America restricts Chinese tech purchases citing cyber-espionage concerns

The US government has passed a law which includes the provision to restrict government tech purchases from China

by The Commentator on 27 March 2013 22:30

Soft-on-cyber-crime

The latest US appropriations bill, signed into law just this week, includes a provision that requires key government departments to conduct formal risk assesments of cyber-espionage before purchasing technology from China.

The move is likely to raise tensions between Washington and Beijing and America gives one of the clearest signs in recent times that it is concerned with espionage from the Asian giant.

The Department of Justice, Department of Commerce, NASA, and the NSF will now have to perform a formal assessment of risk of cyber-espionage before purchasing computer systems and other IT equipment.

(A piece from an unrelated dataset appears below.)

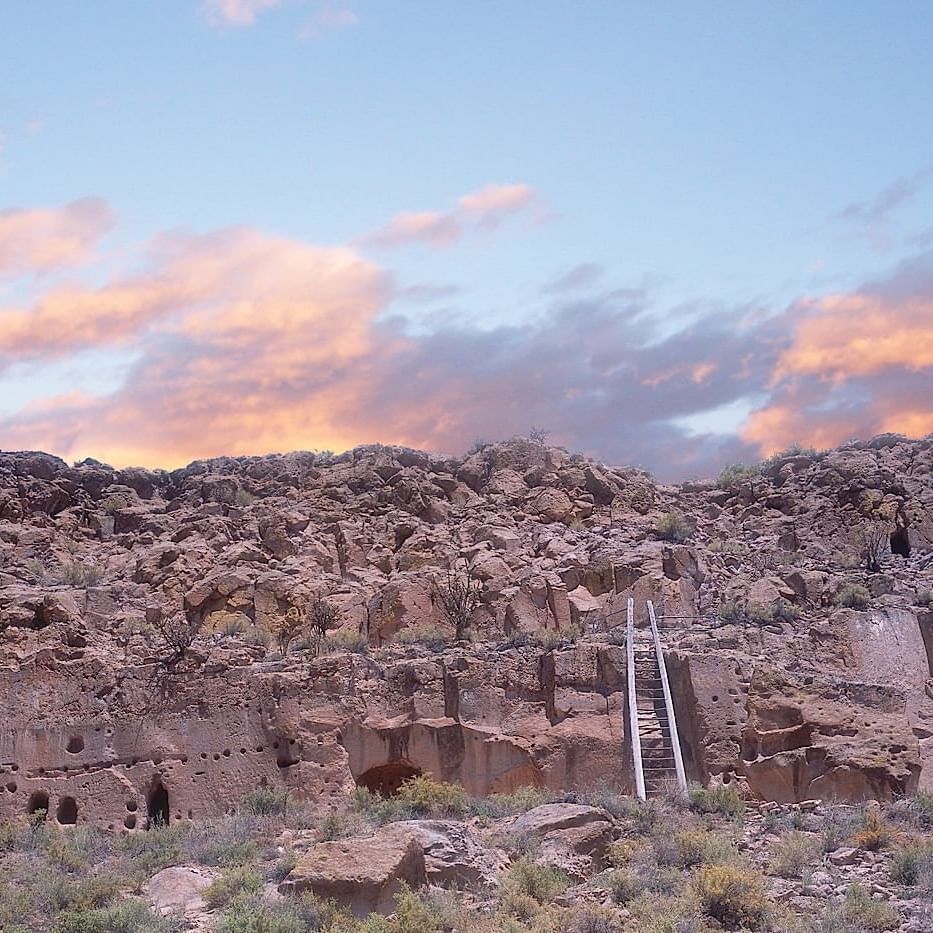 Wide view of the Puye Cliff Dwellings near Santa Claran Hotel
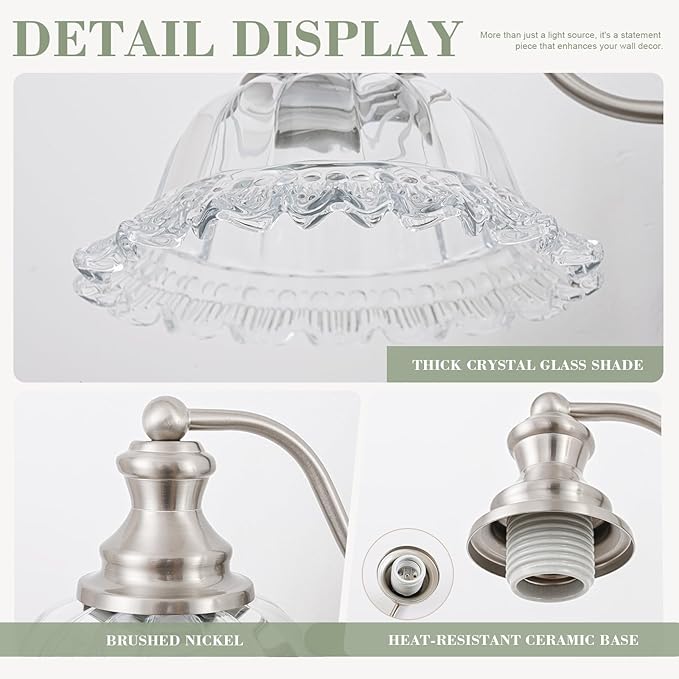 Brushed Nickel Bathroom Light Fixtures Over Mirror, 3 Light Vintage Bathroom Vanity Light Fixture with Clear Flower Glass Shades, Retro Vanity Lights for Bathroom, Bathroom Vanity Lights Over Mirror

A clause in the bill states that the assessment must specifically analyse — with the assistance of the FBI — any "such system being produced, manufactured or assembled by one or more entities that are owned, directed or subsidised" by the People's Republic of China to determine if the purchase is "in the national interest of the United States."

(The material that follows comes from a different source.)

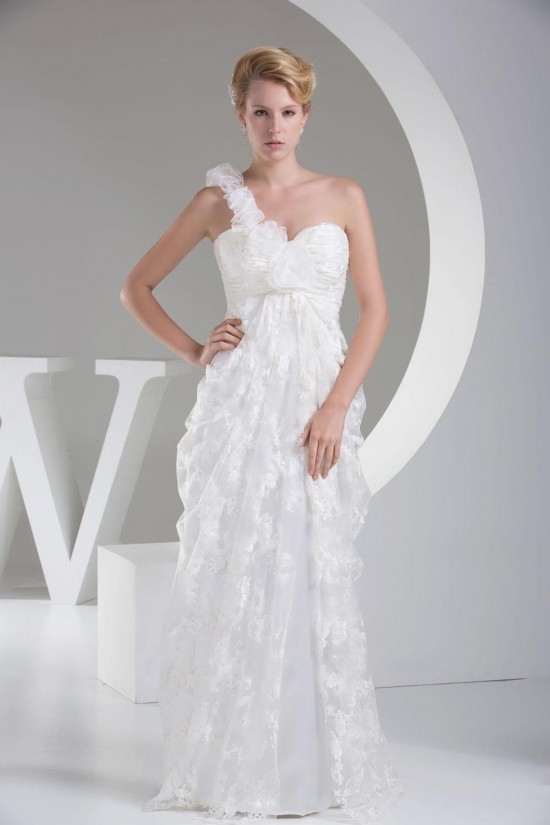 Sheath/Column One Shoulder Lace Bridal Gown WD010261 Sheath/Column One Shoulder Lace Bridal Gown WD010261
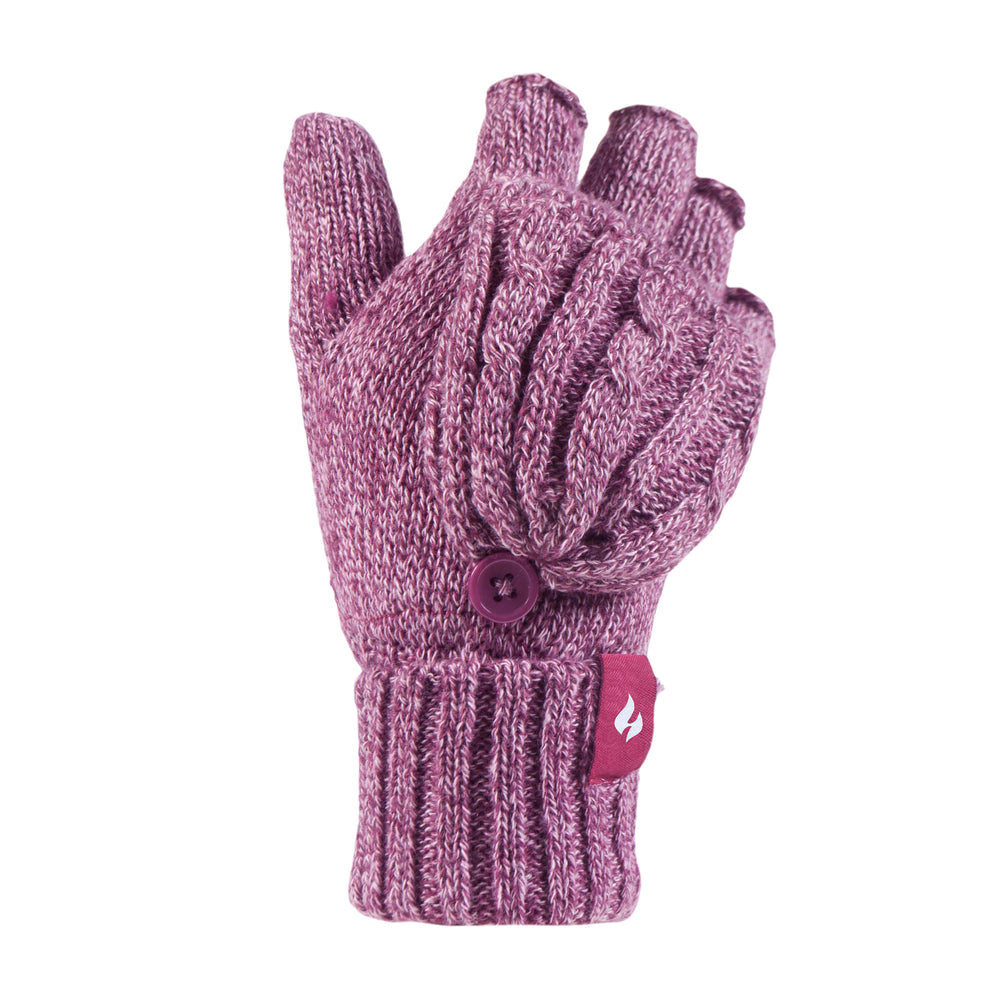 Ladies Thermal Converter Mittens - Rose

The provision comes shortly after a spate of attacks against US media outlets and government agencies. 

The attacks were apparently traced to a building in Shanghai housing the People's Liberation Army Unit 61398 which is involved in cyber-espionage. The Chinese government denied the claims.

Security experts have long noted the state use of telecommunications equipment from Chinese companies like Huawei and ZTE, claiming that they contain security backdoors.

The new provision doesn't prevent US government agencies from using equipment sourced from these companies, but it will make purchasing IT systems from them more cumbersome.

In October last year the White House ordered an investigation into Huawei products which suggested that security vulnerabilities posed a greater threat than any links between the firm and the Chinese government.

Huawei spokesman Bill Plummer said: "Huawei is not familiar with the review, but we are not surprised to hear that the White House has concluded there is no evidence of any Huawei involvement with any espionage or other non-commercial activities.